In 2019, they decided to do something different.
One hundred students, including actors, dancers, orchestra players and crew members, will come together for “Tuck Everlasting,” which made its Broadway debut in March 2016 and only became available for licensing last summer. North Hills is one of the first schools in Pennsylvania to perform the show. It will run March 21 to 23 and 28 to 30 at 7:30 p.m. in the high school auditorium.
Based on Natalie Babbitt’s best-selling children’s classic, “Tuck Everlasting” tells the tale of 11-year-old Winnie Foster and her experiences with the immortal Tuck Family. The girl must decide between eternal life or a return to her mortal existence.
Director Lauren Sarazen, who has worked on district productions for eight years, says she’s excited to give audiences something new.

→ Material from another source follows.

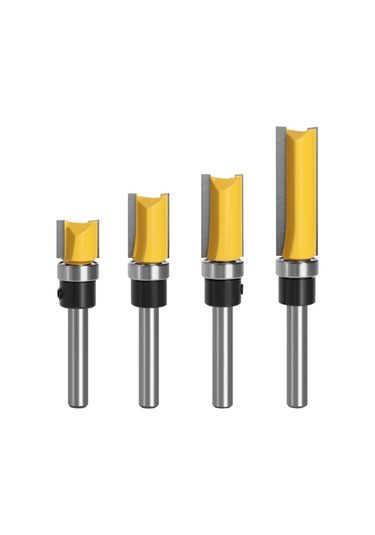 Konesam Ahşap Cnc Freze Aracı: 1/4 Uçlu İki Kenarlı Rulmanlı Taşlama Bıçağı, Uzun Konstruksiyonlu 1/4 1/2 38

“It’s very unique to our drama program,” she says. “We have never done anything like this before. It’s set in the late-1800s, but the music and dancing are more contemporary.”
While directing “Fiddler on the Roof” at Vincentian Academy last spring, Sarazen took a group of her students to see a live production of “Tuck Everlasting” and they loved it.
She knew “Tuck Everlasting” would be a perfect fit.
Sophomore Zach Ford agrees.
“I feel like everybody in the production is cast perfectly,” says the 16-year-old, who plays Jesse. “I love the music and the dancing and the overall atmosphere. And it’s not like the typical musical with a happily-ever-after ending.”
Rehearsals stared Jan. 2. Students meet six days a week to work on everything from choreography to set design, including the construction of a giant, climbable tree.
Julia Arlia, 16, a junior, plays the lead role of Winnie Foster. While she read the novel in third grade and has worked behind-the-scenes on several shows, this will be her first time singing in a high school production.
“We still have a couple more weeks, so I’m not in panic-mode yet,” she says with a laugh. “I’m excited to show everyone how underrated ‘Tuck Everlasting’ really is. It’s all completely new; a breath of fresh air.”
Like Julia, fifth-graders at Highcliff Elementary School read “Tuck Everlasting” in class and will take a special field trip to see it come to life.
For 17-year-old Eleanore Pavelle, playing a role that audience members might not be familiar with is more of a challenge than embodying a well-known character.
“If you’ve seen a character played by a lot of different people, it can influence how you perform,” says the senior, who plays Mae Tuck.
“It’s a newer show that no one’s really seen performed by a high school before. It’s a unique experience not to have so much of an outside influence.”
Senior Sean Nolan, 17, plays Miles Tuck and actually contacted his Broadway counterpart to get advice on how to tackle the role and make it his own.
“For my senior year I really wanted to give it my all,” he says.